Re: Finding an available fss device

2018-08-21 Thread Emmanuel Dreyfus
On Mon, Aug 20, 2018 at 10:39:21AM +0200, J. Hannken-Illjes wrote:
> > I applied that to NetBSD-8.0, and it seems to behave much better.
> Good.

Will you commit and request a pullup? The change is valuable.
-- 
Emmanuel Dreyfus
m...@netbsd.org


Re: Finding an available fss device

2018-08-20 Thread Emmanuel Dreyfus
On Mon, Aug 20, 2018 at 10:39:21AM +0200, J. Hannken-Illjes wrote:
> This patch will change nothing mentioned there.  As I already asked:
(...)

I was away from this machine, I wil post the answer on the relevant thread.

-- 
Emmanuel Dreyfus
m...@netbsd.org


Re: Finding an available fss device

2018-08-20 Thread J. Hannken-Illjes


> On 20. Aug 2018, at 10:34, Emmanuel Dreyfus  wrote:
> 
> On Thu, Aug 16, 2018 at 12:18:34PM +0200, J. Hannken-Illjes wrote:
>> - 001_add_sc_state replaces the flags FSS_ACTIVE and FSS_ERROR with
>> a state field.
>> 
>> - 002_extend_state adds states for construction or destruction of
>> a snapshot and fss_ioctl no longer blocks forever waiting for
>> construction or destruction of a snapshot to complete.
>> 
>> Opinions?
> 
> I applied that to NetBSD-8.0, and it seems to behave much better.

Good.

> What about the deadlock scenario you mentionned, e.g. taking 
> multiple snapshots of / at the same time, or a snapshot of / 
> and /home at the same time? Should they work with this patch?
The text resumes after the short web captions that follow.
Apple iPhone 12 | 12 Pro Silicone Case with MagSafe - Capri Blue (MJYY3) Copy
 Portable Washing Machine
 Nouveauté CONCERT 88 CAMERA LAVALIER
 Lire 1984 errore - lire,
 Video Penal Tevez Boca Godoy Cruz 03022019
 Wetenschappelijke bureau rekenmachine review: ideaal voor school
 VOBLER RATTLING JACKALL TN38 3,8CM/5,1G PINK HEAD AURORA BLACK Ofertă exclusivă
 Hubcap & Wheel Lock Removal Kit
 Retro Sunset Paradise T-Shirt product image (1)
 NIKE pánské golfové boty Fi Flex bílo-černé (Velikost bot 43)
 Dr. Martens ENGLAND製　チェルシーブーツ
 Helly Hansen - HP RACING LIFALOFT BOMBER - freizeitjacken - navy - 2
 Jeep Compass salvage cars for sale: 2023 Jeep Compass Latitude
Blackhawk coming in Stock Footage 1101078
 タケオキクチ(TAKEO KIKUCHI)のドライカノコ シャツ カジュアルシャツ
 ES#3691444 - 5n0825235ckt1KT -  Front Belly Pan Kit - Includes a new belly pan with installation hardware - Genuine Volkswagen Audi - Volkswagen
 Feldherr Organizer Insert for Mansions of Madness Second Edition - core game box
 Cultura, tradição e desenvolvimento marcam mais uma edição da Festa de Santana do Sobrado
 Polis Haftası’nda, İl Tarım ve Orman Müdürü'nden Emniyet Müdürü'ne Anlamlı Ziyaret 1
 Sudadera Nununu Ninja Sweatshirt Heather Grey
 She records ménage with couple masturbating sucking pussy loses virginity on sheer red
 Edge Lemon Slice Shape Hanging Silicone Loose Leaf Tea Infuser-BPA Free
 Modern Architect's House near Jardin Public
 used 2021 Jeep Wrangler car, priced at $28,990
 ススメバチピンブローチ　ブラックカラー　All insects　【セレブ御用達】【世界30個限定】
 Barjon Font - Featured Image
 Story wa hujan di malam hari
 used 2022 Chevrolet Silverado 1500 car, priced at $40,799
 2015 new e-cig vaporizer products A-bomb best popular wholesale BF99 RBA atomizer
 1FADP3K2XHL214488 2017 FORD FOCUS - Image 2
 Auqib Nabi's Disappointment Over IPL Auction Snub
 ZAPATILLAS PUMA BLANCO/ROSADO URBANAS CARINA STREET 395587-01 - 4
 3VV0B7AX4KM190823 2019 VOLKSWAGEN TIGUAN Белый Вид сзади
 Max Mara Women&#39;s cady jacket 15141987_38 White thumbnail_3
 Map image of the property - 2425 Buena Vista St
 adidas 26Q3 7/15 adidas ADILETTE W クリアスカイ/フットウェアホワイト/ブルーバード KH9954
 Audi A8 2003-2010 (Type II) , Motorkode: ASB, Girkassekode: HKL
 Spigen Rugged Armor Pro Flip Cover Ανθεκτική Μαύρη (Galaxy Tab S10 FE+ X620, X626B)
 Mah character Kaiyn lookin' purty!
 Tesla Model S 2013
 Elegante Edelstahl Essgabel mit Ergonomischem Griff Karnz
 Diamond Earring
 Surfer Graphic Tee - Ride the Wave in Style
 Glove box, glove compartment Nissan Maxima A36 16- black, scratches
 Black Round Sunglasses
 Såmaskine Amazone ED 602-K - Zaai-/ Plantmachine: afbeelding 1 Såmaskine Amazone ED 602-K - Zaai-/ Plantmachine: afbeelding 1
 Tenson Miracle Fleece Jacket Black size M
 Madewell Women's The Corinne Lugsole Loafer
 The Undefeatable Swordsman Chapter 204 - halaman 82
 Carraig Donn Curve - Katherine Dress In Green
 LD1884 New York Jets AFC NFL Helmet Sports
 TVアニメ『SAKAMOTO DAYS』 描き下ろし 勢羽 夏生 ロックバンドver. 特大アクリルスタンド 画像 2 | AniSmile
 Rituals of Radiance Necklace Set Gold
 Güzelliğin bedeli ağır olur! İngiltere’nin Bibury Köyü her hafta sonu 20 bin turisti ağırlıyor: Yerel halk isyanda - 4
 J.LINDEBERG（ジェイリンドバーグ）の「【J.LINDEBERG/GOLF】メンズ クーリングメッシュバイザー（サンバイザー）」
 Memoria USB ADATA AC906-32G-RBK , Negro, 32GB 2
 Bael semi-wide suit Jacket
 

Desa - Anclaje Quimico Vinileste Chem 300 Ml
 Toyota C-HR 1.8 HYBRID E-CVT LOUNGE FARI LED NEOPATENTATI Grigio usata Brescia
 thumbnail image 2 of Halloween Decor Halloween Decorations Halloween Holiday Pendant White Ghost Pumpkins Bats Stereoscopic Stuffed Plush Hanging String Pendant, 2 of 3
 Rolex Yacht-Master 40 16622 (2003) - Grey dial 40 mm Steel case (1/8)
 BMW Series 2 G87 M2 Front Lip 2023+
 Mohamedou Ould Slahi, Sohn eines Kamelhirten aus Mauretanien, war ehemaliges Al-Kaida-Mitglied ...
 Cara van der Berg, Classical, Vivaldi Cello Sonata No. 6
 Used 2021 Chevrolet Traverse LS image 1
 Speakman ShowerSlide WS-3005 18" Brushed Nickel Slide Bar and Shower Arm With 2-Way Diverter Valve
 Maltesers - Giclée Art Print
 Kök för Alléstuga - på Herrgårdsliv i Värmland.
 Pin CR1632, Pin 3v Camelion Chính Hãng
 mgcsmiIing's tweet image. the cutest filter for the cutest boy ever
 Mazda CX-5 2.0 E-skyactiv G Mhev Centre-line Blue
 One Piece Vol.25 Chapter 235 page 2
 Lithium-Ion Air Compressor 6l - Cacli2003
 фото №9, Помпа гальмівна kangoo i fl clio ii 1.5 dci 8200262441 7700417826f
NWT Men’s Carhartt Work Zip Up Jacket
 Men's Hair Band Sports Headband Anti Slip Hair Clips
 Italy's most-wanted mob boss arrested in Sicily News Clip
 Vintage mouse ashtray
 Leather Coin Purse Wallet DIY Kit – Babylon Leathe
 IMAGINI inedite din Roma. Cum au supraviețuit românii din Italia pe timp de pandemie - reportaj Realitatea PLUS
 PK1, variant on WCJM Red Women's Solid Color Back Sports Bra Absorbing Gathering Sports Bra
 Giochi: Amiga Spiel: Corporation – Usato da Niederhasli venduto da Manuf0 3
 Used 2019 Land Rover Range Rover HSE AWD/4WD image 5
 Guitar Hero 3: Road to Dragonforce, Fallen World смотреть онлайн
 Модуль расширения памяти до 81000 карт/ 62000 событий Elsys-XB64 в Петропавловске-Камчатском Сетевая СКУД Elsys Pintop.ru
Suppose you mean the "All processes go tstile" thread ...

This patch will change nothing mentioned there.  As I already asked:

- The first thirty lines of "dumpfs /home" please.

- Did you use "dump -x ..." or "dump -X"?

- Did the "dump" process hang?

--
J. Hannken-Illjes - hann...@eis.cs.tu-bs.de - TU Braunschweig (Germany)



Re: Finding an available fss device

2018-08-20 Thread Emmanuel Dreyfus
On Thu, Aug 16, 2018 at 12:18:34PM +0200, J. Hannken-Illjes wrote:
> - 001_add_sc_state replaces the flags FSS_ACTIVE and FSS_ERROR with
> a state field.
> 
> - 002_extend_state adds states for construction or destruction of
> a snapshot and fss_ioctl no longer blocks forever waiting for
> construction or destruction of a snapshot to complete.
> 
> Opinions?

I applied that to NetBSD-8.0, and it seems to behave much better.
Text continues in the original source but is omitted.